Question

An alternating source with a variable frequency, a capacitor with capacitance C, and a resistor with resistance Rare connected in series. Figure gives the impedance Zof the circuit versus the driving angular frequency${\mathit{\omega }}_{\mathbf{d}}$; the curve reaches an asymptote of $\mathbf{500}\mathbf{}\mathbf{\text{Ω}}$, and the horizontal scale is set by${\left({\omega }_d\right)}_{\mathbf{s}}\mathbf{=}\mathbf{300}\mathbf{}\mathbf{\text{rad/s}}$. The figure also gives the reactance ${\mathit{X}}_{\mathbf{C}}$for the capacitor versus${\mathit{\omega }}_{\mathbf{d}}$. What are (a) What is R ?(b) What is C?

Short answer

1. The value of resistance is $500\text{Ω}$.
2. The value of capacitance is $40\text{μF}$.

Step-by-step solution

The given data

1. Impedance of the curve, $Z=500\text{Ω}$
2. On horizontal scale, the value of angular frequency is set at ${\omega }_{ds}=300\text{rad/s}$

Understanding the concept of impedance versus angular frequency graph

The impedance of a circuit is the effective resistance of an electric circuit or component to alternating current, arising from the combined effects of ohmic resistance and capacitive reactance.

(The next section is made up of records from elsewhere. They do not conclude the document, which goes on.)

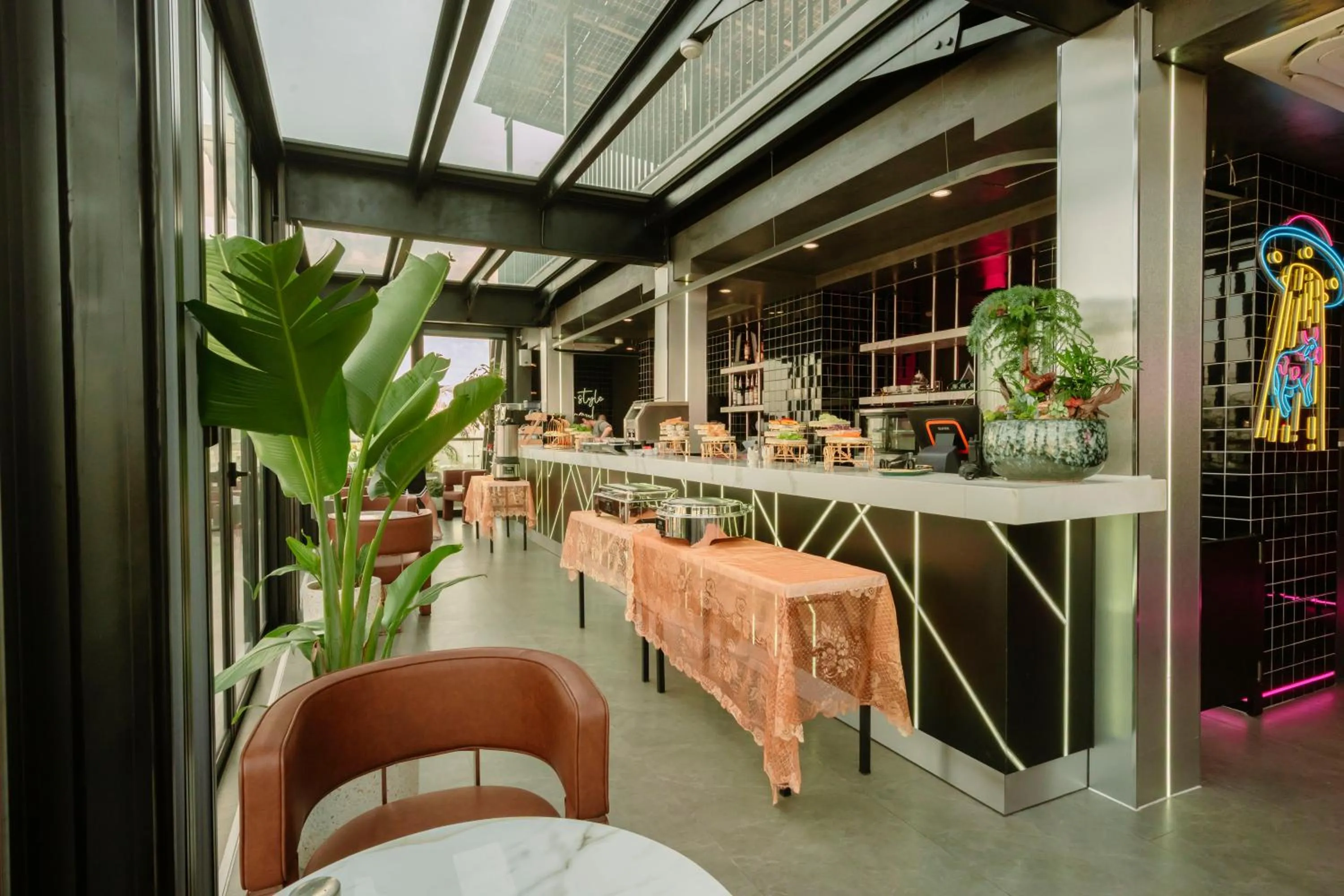 Restaurant/places to eat in X-Digital HOTEL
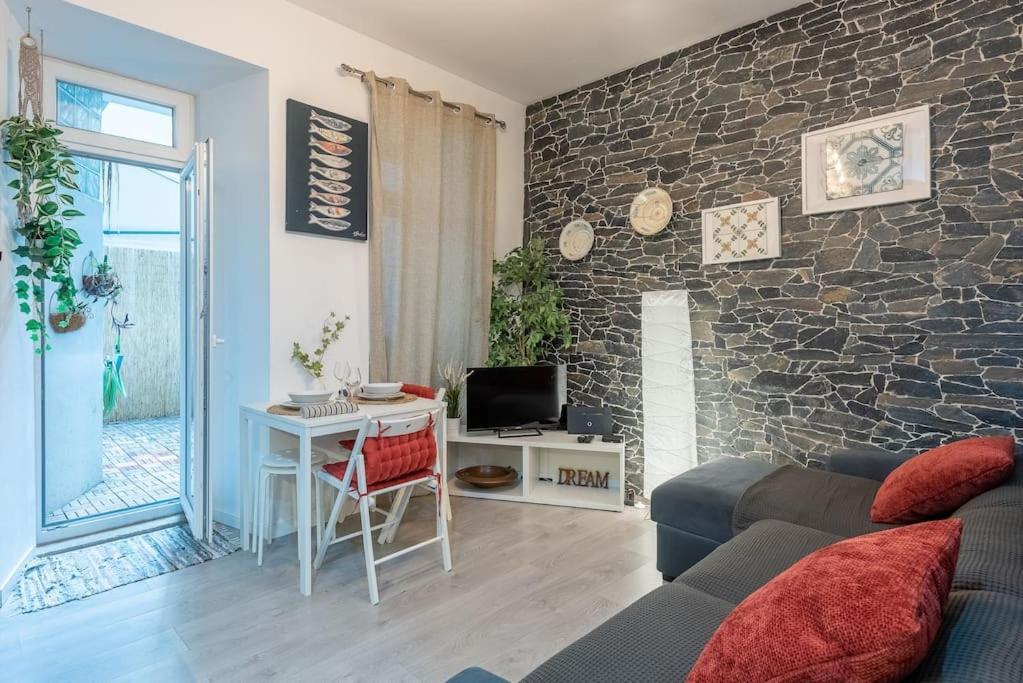 Modern Rustic Apartment In Graca Lisboa 外观 照片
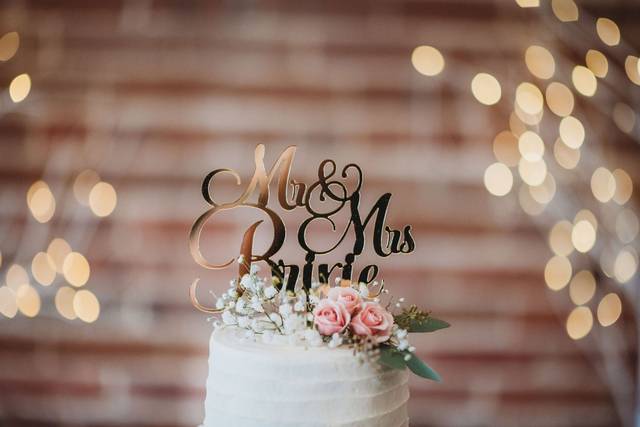 Cake topper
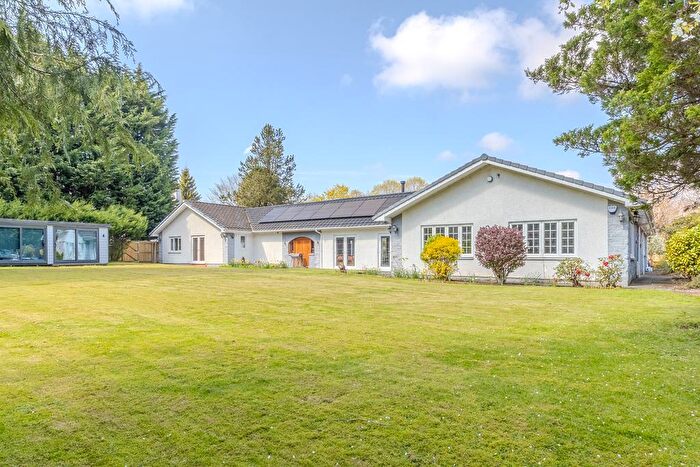 5 Bedroom Detached Villa For Sale In The Lane, Dullatur, G68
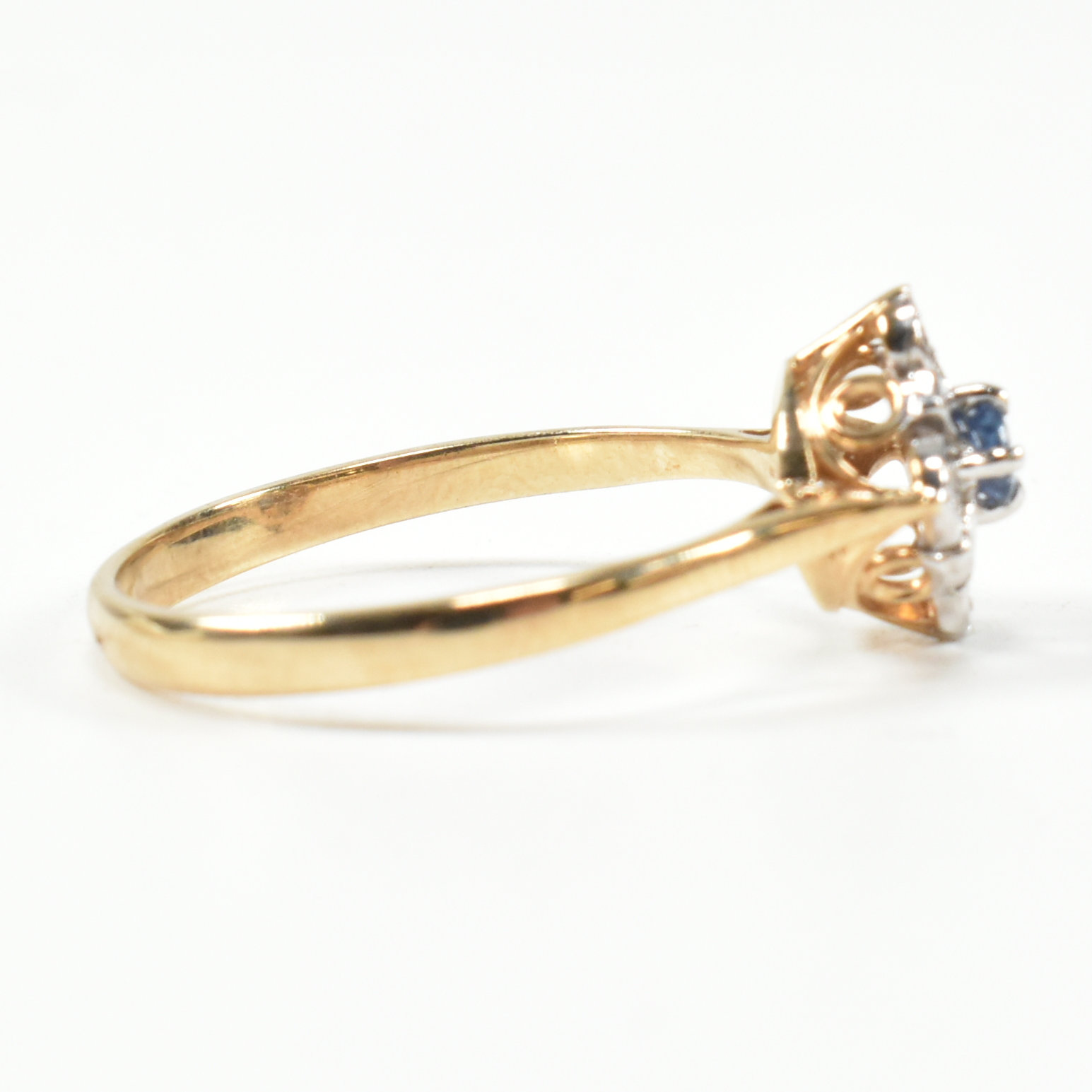 HALLMARKED 9CT GOLD SAPPHIRE & DIAMOND CLUSTER RING - Image 5 of 9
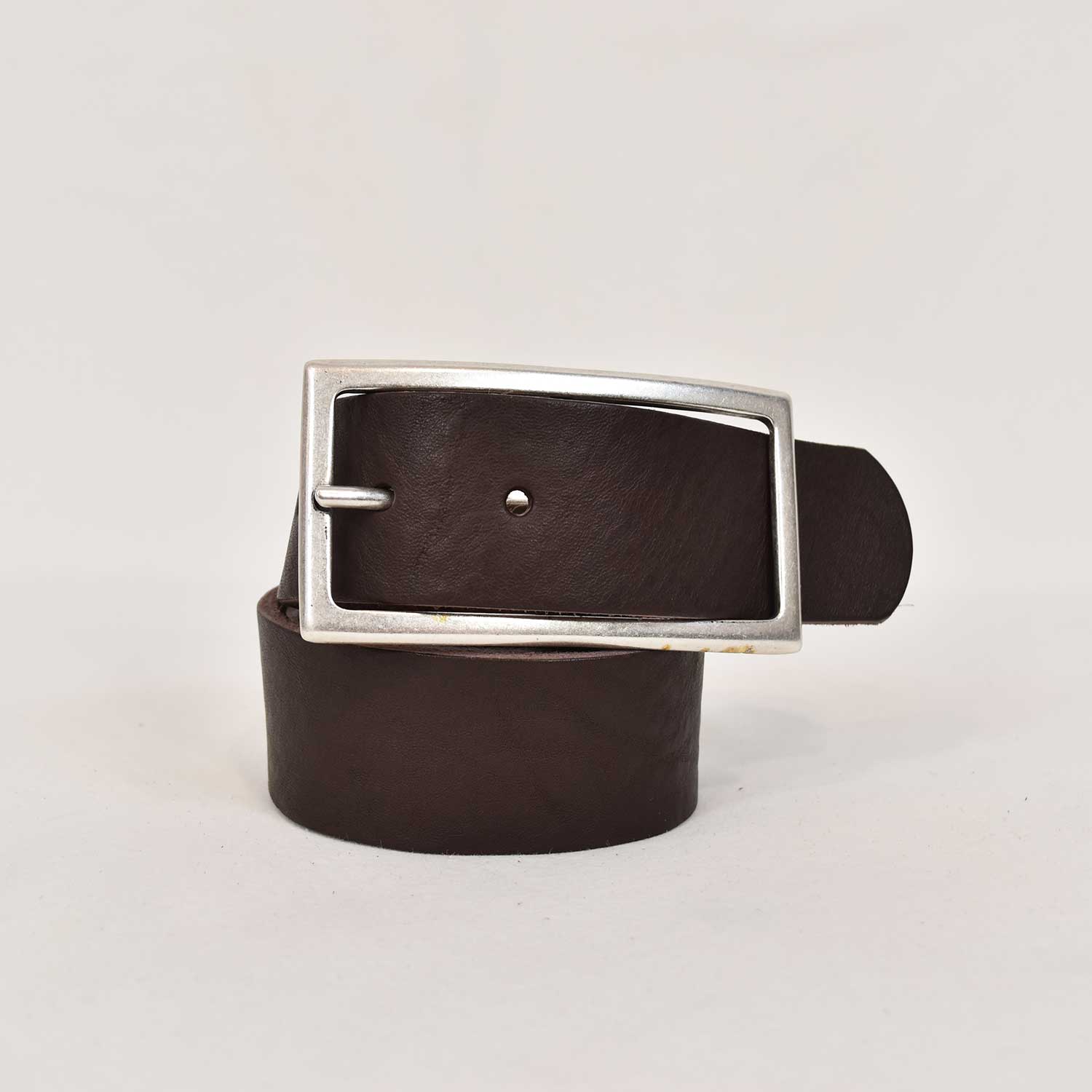 Brown rectangular buckle belt 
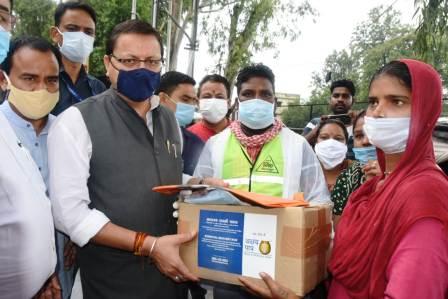 सीएम धामी ने आवासविहीन लोगों के लिए कोविड वैक्सीन अभियान का किया शुभारम्भ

We need to use the information from the graph and impedance formula of the circuit to find the resistance and capacitance of the coil.

The impedance of the circuit for the driving frequency,

$Z=\sqrt{R^2+{X_c}^2}$ …(i)

The reactance of a capacitor,

$X_C=\frac{1}{{\omega }_{d}C}$ …(ii)

a) Calculation of the resistance

The value of the impedance of equation (i) using equation (ii) becomes:

$Z=\sqrt{R^2+\frac{1}{{\left({\omega }_{d}C\right)}^2}}$

At asymptote $Z=R,$the second term in the square-root is zero. Here, from the above equation the value of the resistance in the coil is found to be:

$$\begin{gathered} Z=R \\ R=500\text{Ω} \end{gathered}$$

Hence, the value of the resistance is $500\text{Ω}$.

b) Calculation of the capacitance

From the given graph of capacitive reactance, considering any one point, that is

So, consider the point with

$$\begin{gathered} {\omega }_d=50\text{rad/s}, \\ {X}_C=500\text{Ω} \end{gathered}$$

Thus, we can calculate the capacitance C using equation (ii) as follows:

$$\begin{gathered} C={\left({\omega }_d{X}_C\right)}^{-1} \\ ={\left(\left(\text{50}\text{rad/s}\right)\left(500\text{Ω}\right)\right)}^{-1} \\ =40\text{μF} \end{gathered}$$

Let us consider another point:

$$\begin{gathered} {\omega }_d=250\text{rad/s,} \\ {X}_C=100\text{Ω} \end{gathered}$$

Thus, we can calculate the capacitance C using equation (ii) as follows:

$$\begin{gathered} C={\left({\omega }_d{X}_C\right)}^{-1} \\ ={\left(\left(250\text{rad/s}\right)\left(100\text{Ω}\right)\right)}^{-1} \\ =40\text{μF} \end{gathered}$$

Hence, the capacitance of the capacitor is $40\text{μF}$.